L’évaluation est une nécessité. Nous avons tous besoin pour avancer de faire régulièrement le point sur ce que nous savons, sur ce qui fonctionne et ce que nous devons améliorer ou développer, que ce soit sur des petites choses de la vie courante ou sur des compétences plus complexes. Si le gâteau que je viens de cuisiner est trop sec, cette évaluation me permettra d’en chercher les causes et de les faire évoluer. Mais le fait de réfléchir au temps de cuisson qui a peut-être été trop long, ou de relire la recette pour voir si je n’ai pas fait d’erreur, ne vient en aucun cas interférer avec le fait que je sois capable de préparer un gâteau et ne m’élimine pas.

On retrouve régulièrement cette confusion entre évaluation, conseil de formation et validation dans les observations rédigées par les directeurs et les directrices des accueils collectifs de mineurs, aux stagiaires Bafa. Cela donne parfois des situations déroutantes lors des Jury départementaux. Le décalage entre des observations pouvant apparaître comme étant très négatives, pour un stage néanmoins validé favorablement, amène régulièrement le jury à demander des informations complémentaires aux rédacteurs. Il en ressort la plupart du temps une confusion entre conseils de formation et validation, mais également une non globalisation des situations, dans laquelle un événement non représentatif d’un ensemble est mis en avant.

L'évaluation, indicateur ou sanction?

La confusion entre évaluation formative et normative est une vraie dérive et elle n’est pas réservée à un secteur professionnel ou éducatif. Être stagiaire pendant plusieurs semaines ne signifie pas passer un examen continuel ou chaque geste et chaque attitude sont sanctionnés. Mais être accompagné dans sa formation pour avoir une évaluation globale de chaque compétence devant être validée. - Tu te rends compte, il ne sait pas faire cela ! - C’est normal, il est là pour l’apprendre… Il ne viendrait à l’idée de personne de reprocher à quelqu’un qui commence à apprendre à nager de ne pas savoir nager. Pourtant combien de fois avons-nous entendu à propos de stagiaires qu’ils ne savaient pas… alors qu’ils en étaient à leur première expérience pratique. Être en stage, c’est être en formation, donc avoir la possibilité de faire des erreurs et d’être accompagné pour améliorer ses compétences.
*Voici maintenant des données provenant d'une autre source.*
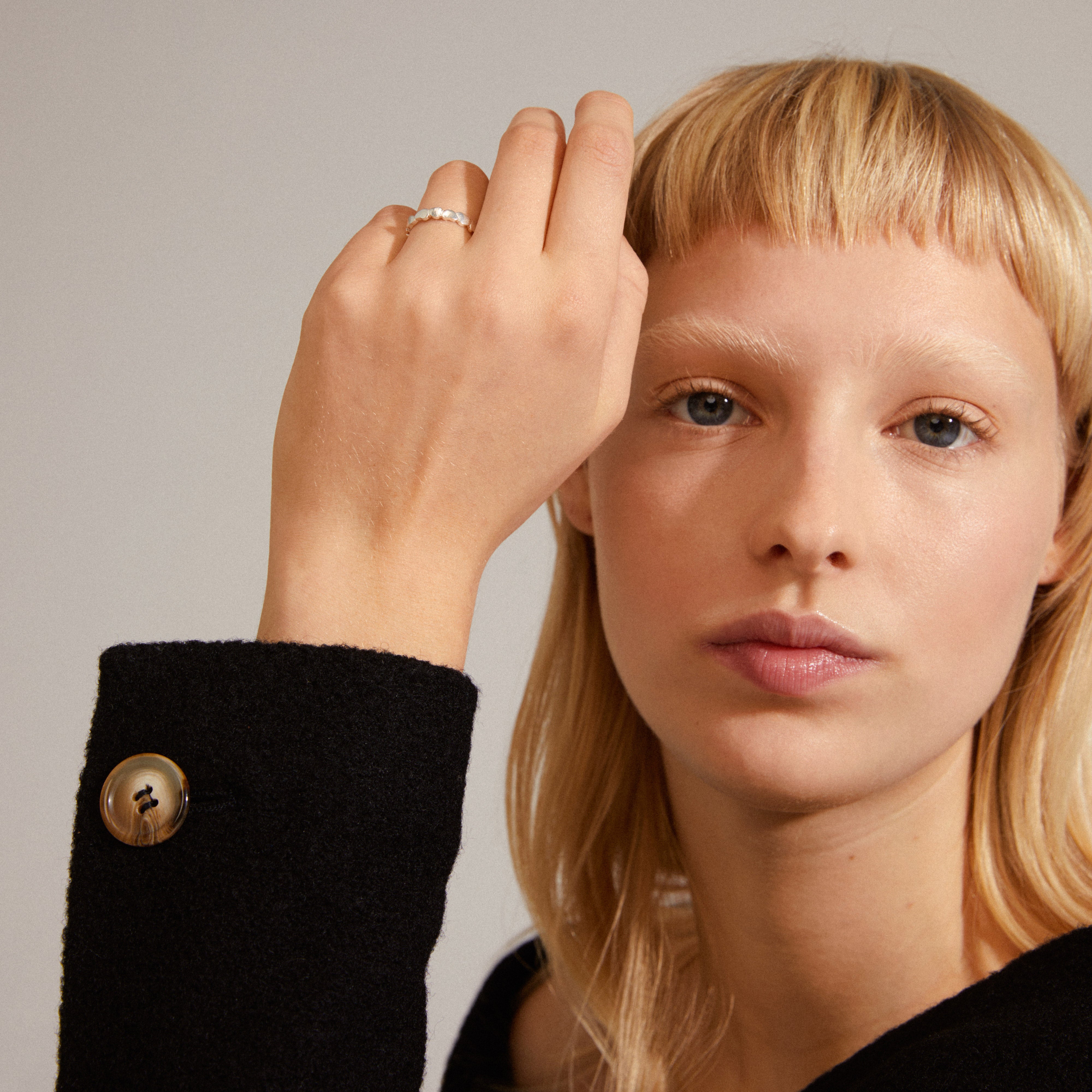 Woman wearing LULU stack ring, silver-plated with organic shapes, on her finger, showcasing Pilgrim's blend of timeless and trendy Danish design.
La posture du formateur participe du sens donné à l'évaluation

Cela amène à réfléchir sur le statut du tuteur ou de la tutrice lors du stage, sur son rôle formateur et sur tous les aspects que cela représente. Sa fonction est de mettre la personne formée en situation de réussir et de développer ses compétences et ses acquis, de l’accompagner dans ses difficultés et de l’amener à les dépasser. Le positionnement du formateur ou de la formatrice n’est pas neutre. Porter un regard positif, aider à analyser les situations vécues, apporter les conseils ou les outils qui vont permettre de progresser, induisent des comportements de la part des stagiaires. Attendre et chercher l’erreur, en induisent d’autres très différents. Mais accompagner avec bienveillance, ne signifie en aucun cas accepter n’importe quoi, ne pas sanctionner s’il y a une attitude ou des actions inadmissibles, ou valider systématiquement même si la personne ne remplit pas les conditions. On peut accompagner et faire progresser quelqu’un, même si au final, en fonction des critères, son stage ne sera pas validé. Cette globalité de sens entre formation évaluation et validation, a souvent du mal à être définie et admise, ce qui génère des situations et des rôles ambigus. Une ambiguïté qui peut être liée à une confusion des tâches ou savamment entretenue, car mettant le formateur en situation narcissique et de pouvoir renforcé par rapport au formé. La principale dérive étant le glissement de sa fonction formatrice, vers un simple rôle de contrôle. Une autre dérive étant de se positionner en modèle : « Regarde comme je fais bien… » au lieu d’accompagner l’autre dans son cheminement, de l’amener à se mettre en situation de suivre et d’imiter au lieu d’analyser, d’imaginer et de construire. Être responsable d’une personne en stage et l’accompagner est une tâche complexe et globale.

Mais si Évaluation et Formation sont dans un bateau, prenons garde à ce que Formation ne tombe pas à l’eau.